Entries shown:
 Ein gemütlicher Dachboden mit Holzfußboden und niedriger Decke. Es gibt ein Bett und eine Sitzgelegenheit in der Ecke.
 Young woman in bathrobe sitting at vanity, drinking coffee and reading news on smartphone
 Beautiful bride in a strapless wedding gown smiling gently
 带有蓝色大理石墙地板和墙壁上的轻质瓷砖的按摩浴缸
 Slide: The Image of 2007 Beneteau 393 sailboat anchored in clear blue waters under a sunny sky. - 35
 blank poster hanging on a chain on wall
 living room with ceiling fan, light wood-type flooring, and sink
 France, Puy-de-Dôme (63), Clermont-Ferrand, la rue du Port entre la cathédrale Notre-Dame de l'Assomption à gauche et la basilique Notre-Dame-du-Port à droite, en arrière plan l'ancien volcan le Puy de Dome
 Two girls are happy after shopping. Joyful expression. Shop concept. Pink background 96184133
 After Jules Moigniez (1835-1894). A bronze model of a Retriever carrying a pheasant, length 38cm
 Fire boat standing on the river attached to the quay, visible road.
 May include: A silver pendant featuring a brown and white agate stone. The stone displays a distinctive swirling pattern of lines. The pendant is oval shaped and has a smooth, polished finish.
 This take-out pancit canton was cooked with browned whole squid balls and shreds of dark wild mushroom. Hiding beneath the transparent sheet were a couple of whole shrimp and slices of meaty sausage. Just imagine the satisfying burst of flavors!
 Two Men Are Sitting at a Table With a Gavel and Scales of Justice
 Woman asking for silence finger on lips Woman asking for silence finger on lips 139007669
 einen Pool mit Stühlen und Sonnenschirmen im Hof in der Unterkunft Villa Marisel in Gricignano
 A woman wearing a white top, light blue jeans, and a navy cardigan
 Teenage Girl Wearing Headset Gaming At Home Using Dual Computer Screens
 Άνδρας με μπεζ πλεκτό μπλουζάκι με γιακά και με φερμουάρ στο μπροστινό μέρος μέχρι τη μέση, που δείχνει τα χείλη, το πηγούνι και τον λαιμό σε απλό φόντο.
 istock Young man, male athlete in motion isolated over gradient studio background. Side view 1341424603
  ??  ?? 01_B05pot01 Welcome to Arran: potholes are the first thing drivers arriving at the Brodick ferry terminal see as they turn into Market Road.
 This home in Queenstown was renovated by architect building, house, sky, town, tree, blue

Task details:
Begin at the first line of the records above and quote every line verbatim through the one that contains "Two girls are".

Exercise response:
 Ein gemütlicher Dachboden mit Holzfußboden und niedriger Decke. Es gibt ein Bett und eine Sitzgelegenheit in der Ecke.
 Young woman in bathrobe sitting at vanity, drinking coffee and reading news on smartphone
 Beautiful bride in a strapless wedding gown smiling gently
 带有蓝色大理石墙地板和墙壁上的轻质瓷砖的按摩浴缸
 Slide: The Image of 2007 Beneteau 393 sailboat anchored in clear blue waters under a sunny sky. - 35
 blank poster hanging on a chain on wall
 living room with ceiling fan, light wood-type flooring, and sink
 France, Puy-de-Dôme (63), Clermont-Ferrand, la rue du Port entre la cathédrale Notre-Dame de l'Assomption à gauche et la basilique Notre-Dame-du-Port à droite, en arrière plan l'ancien volcan le Puy de Dome
 Two girls are happy after shopping. Joyful expression. Shop concept. Pink background 96184133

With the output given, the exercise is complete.